(Collected data)
....
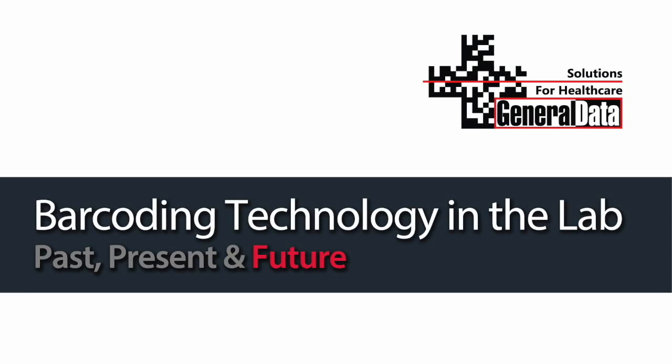At the 2017 API conference, General Data was able to sit down with three of the top thought leaders in pathology informatics. We asked them to share their insights and experiences concerning barcode technology in the lab. We asked them to focus on three areas: the past, present, and future. This is what they had to say.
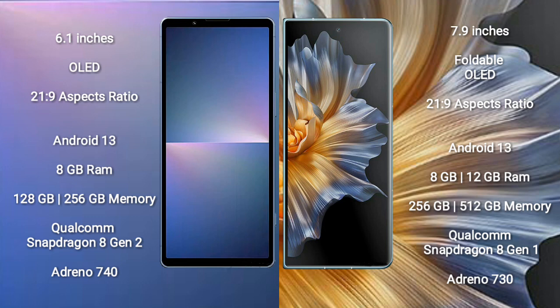The Sony Xperia 5 Mark V runs on the Android 13 operating system. The Honor Magic Vs also runs on the Android 13 operating system. The Sony Xperia 5 Mark V comes with 8GB RAM and 128GB or 256GB internal storage, a Qualcomm Snapdragon 8 Gen 2 processor with GPU Adreno 740. The Honor Magic Vs comes with 8GB or 12GB RAM and 256GB or 512GB internal storage, a Qualcomm Snapdragon 8 Gen 1 processor with GPU Adreno 730.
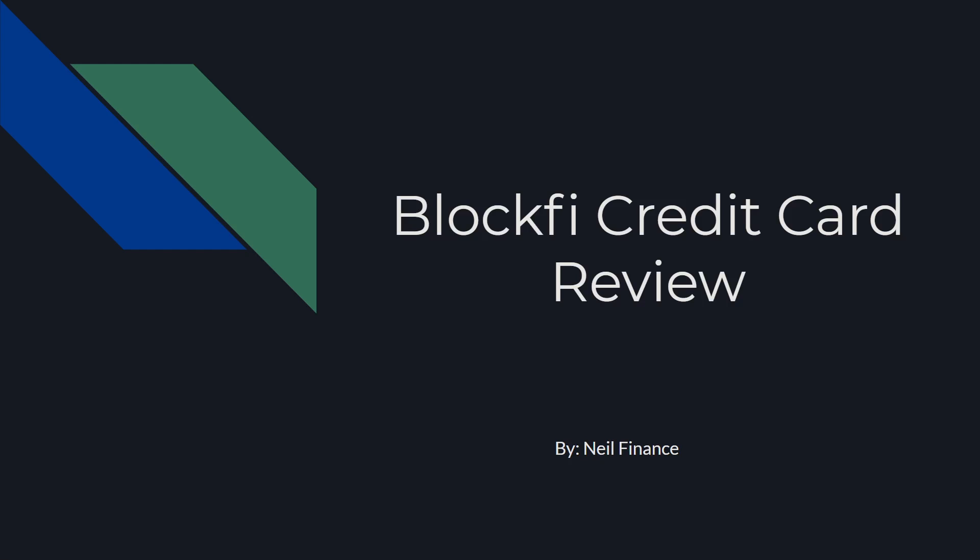Hey everyone, it's Neil here bringing you a brand new video. Hope everyone's having a great day. Today I just wanted to bring you guys a video on the BlockFi credit card review. I wanted to go over the pros, the cons, and my overall thoughts and opinions on the credit card itself. This is going to be an honest, unbiased review that I hope you guys enjoy. Let's get right into it.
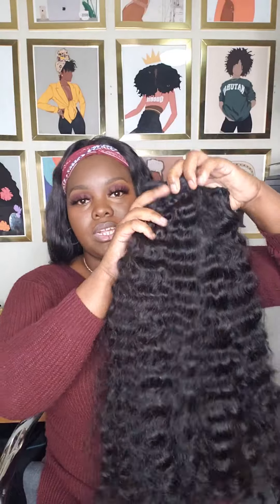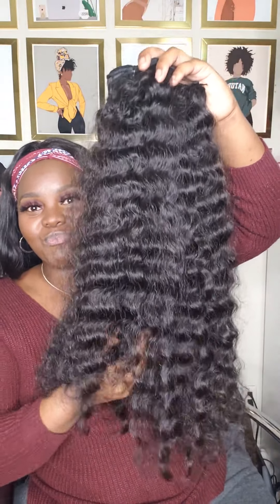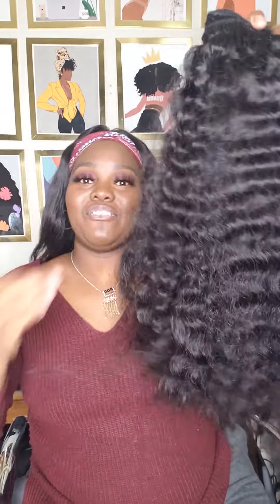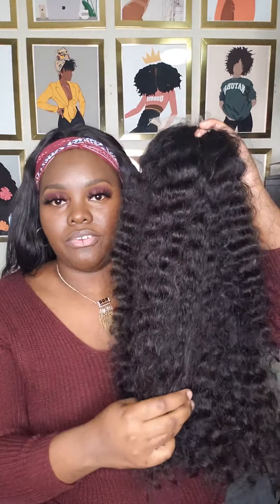Hey guys, I just wanted to show you some long Burmese curly bundles that I have available. If anyone wants them or wants a custom wig made out of them, I have three 28-inch bundles and one 26-inch bundle. This is what they look like — super beautiful, love this hair. This is how long it is — really, really long on me.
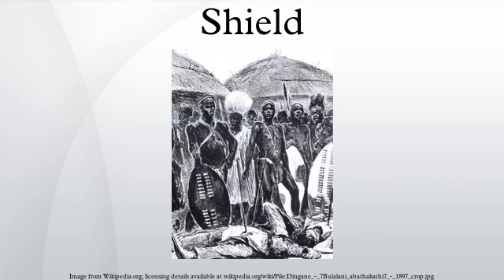Emblems that resemble heraldic shields are also called shields. Movie studio Warner Brothers uses a shield emblazoned with 'WB' as its logo. The Looney Tunes cartoons, released through Warner Brothers, open with the WB shield zooming through concentric circles. Also, the Superman logo uses a shield emblazoned with the letter S.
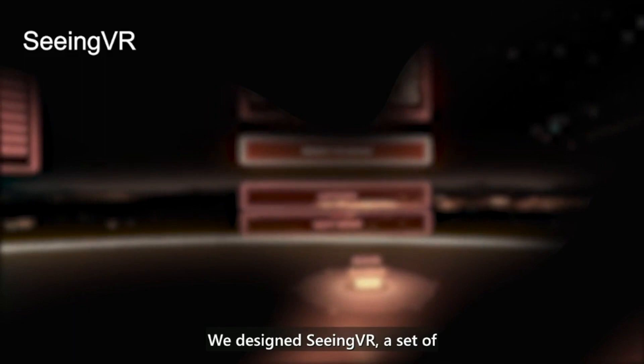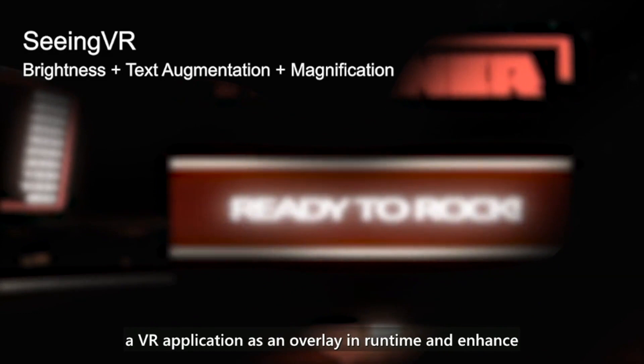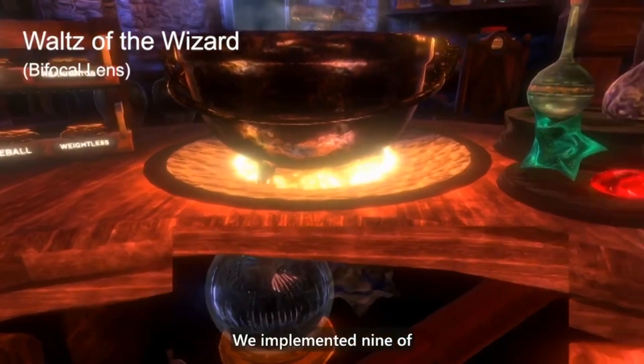Virtual reality is often not accessible for people with low vision. We designed SeeingVR, a set of 14 low vision tools that can be applied to a VR application as an overlay in runtime, and enhance its scenes by providing both visual and audio augmentations.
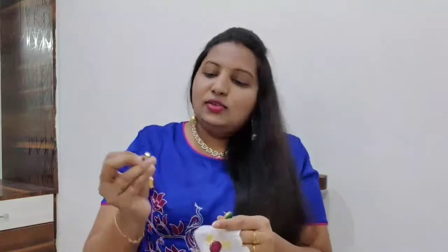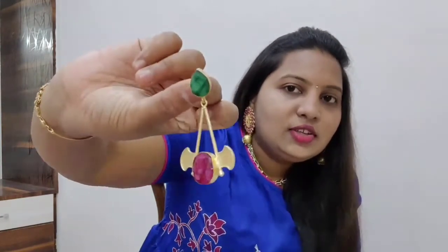I love their collection a lot because they have a different type of collection — not the usual type. You can see similar collections on Instagram nowadays, but the quality of these earrings is very good. The first pair I'm showing are green color and maroon color earrings, and the stones — she told me these are natural stones.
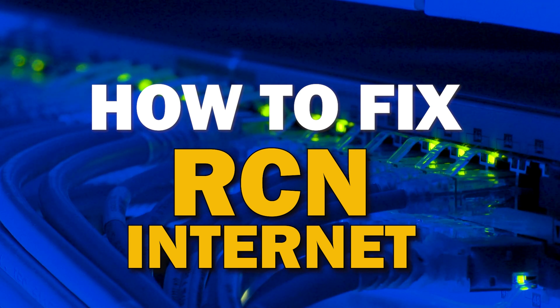In today's tech video, I'm going to show you how to fix your RCN internet if it isn't working correctly.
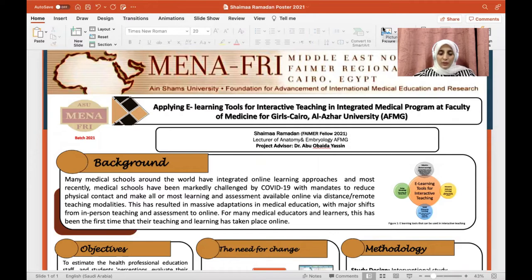Hello everyone, I'm Shaymae Armadon, lecturer of Anatomy and Embryology, Faculty of Medicine for Girls', Al-Azhar University, and a PEMR Fellow 2021. My project is entitled 'Applying e-learning tools for interactive teaching in integrated medical program at Faculty of Medicine for Girls', Al-Azhar University.' My project advisor is Dr. Abouwai Dayatine.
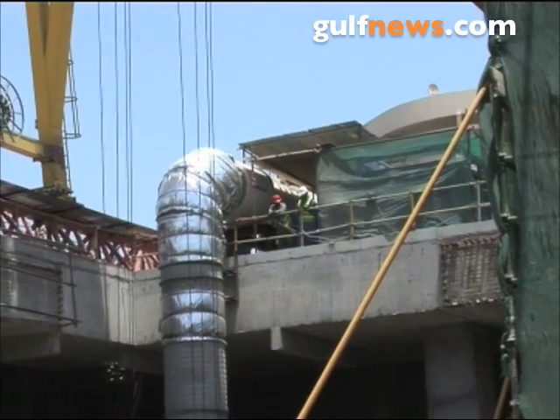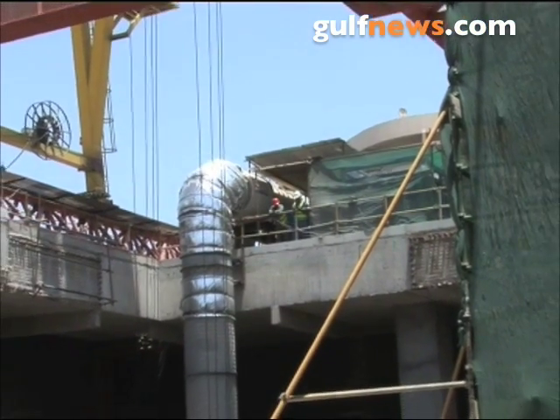The main depot at Rashidiya, which will be the nerve center, is 60% complete. This is the heart and brain of the Dubai Metro project. All the metro projects will be controlled, supervised, and operated from this depot — the Rashidiya main depot.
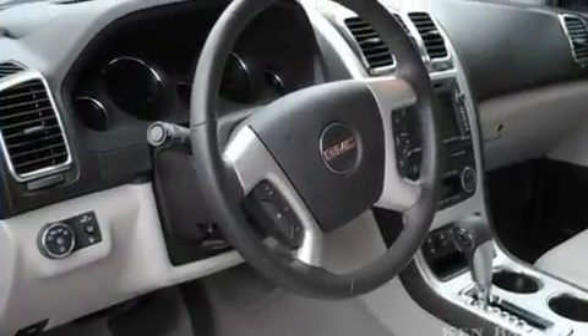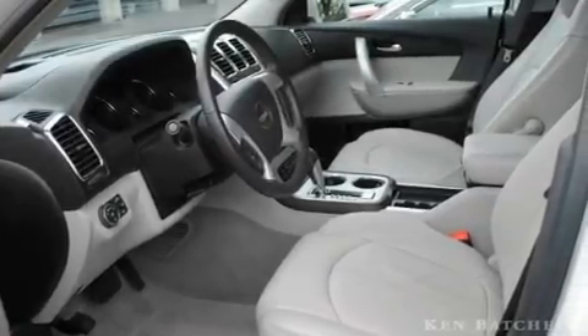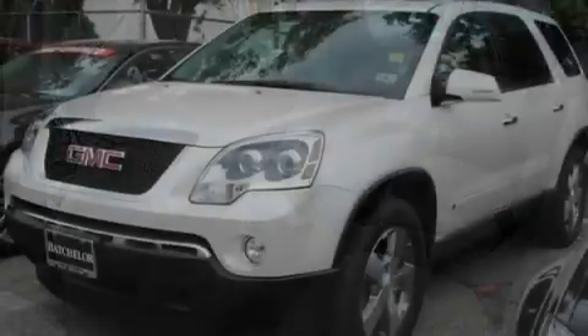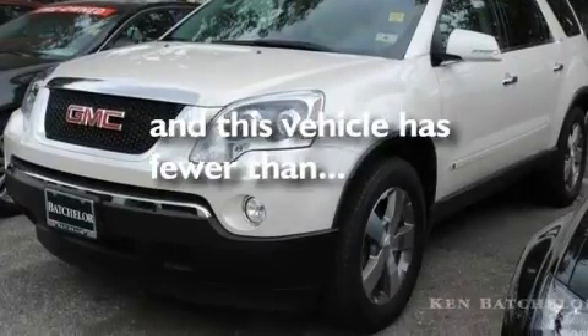Its top features include cruise control, keyless entry, an engine immobilizer theft deterrent system, roof rails, fog lamps, a low-tire pressure indicator, traction control and stability control systems, OnStar, an anti-lock braking system, and this vehicle has fewer than 36,000 miles on the odometer.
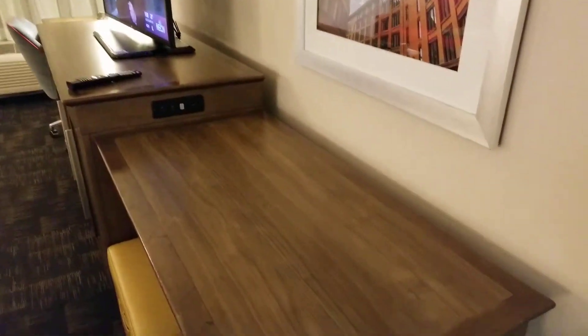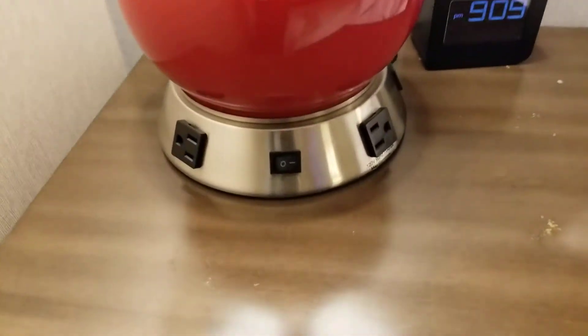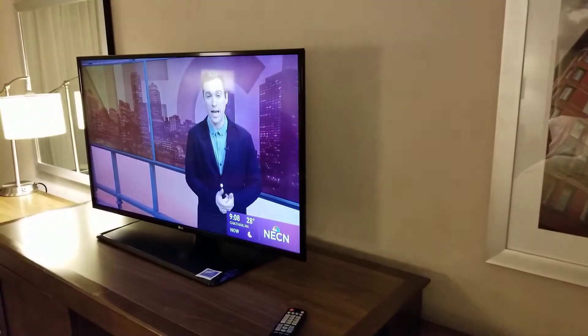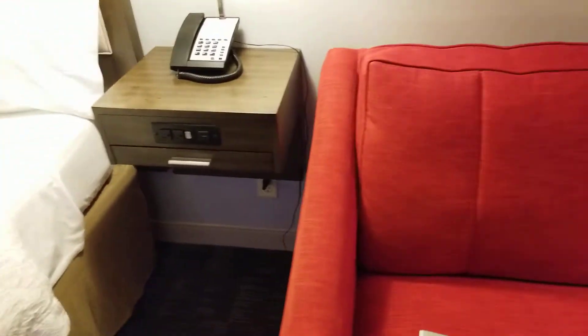We have a table there, there's the thermostat — really good options here next to the bed for charging your devices. There's the clock, time is pretty close to correct, TV, some artwork showing Boston. There's wire racks on that side, it's got the fridge, and this is a fold-out sofa bed.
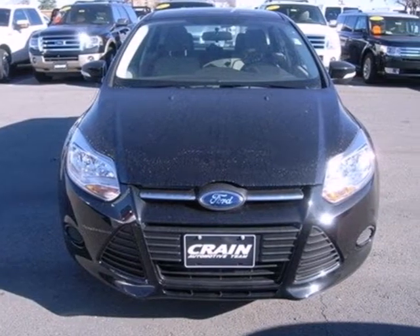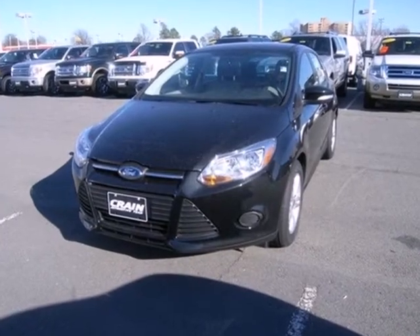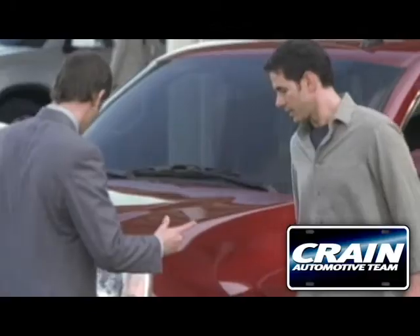Aggressive style, smart design, and economy savvy. That's the all-new 2013 Ford Focus. Test drive it today. Visit us anytime at craneteam.com.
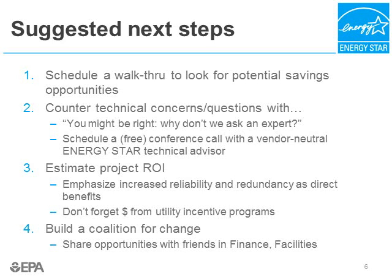Finally, you should be building a coalition for change. In most of the successful data center energy efficiency efforts we've seen, large groups of people have all been involved. So share the opportunity with your friends in finance and facilities, in addition to the IT group, for a successful program.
....
**PROBLEM:** Please output, exactly as written, the lines above from the one holding "Emblems that resemble" through the one holding "Virtual reality is", both included, with the pictures omitted.

**FINISHED EXERCISE:**
Emblems that resemble heraldic shields are also called shields. Movie studio Warner Brothers uses a shield emblazoned with 'WB' as its logo. The Looney Tunes cartoons, released through Warner Brothers, open with the WB shield zooming through concentric circles. Also, the Superman logo uses a shield emblazoned with the letter S.
Virtual reality is often not accessible for people with low vision. We designed SeeingVR, a set of 14 low vision tools that can be applied to a VR application as an overlay in runtime, and enhance its scenes by providing both visual and audio augmentations.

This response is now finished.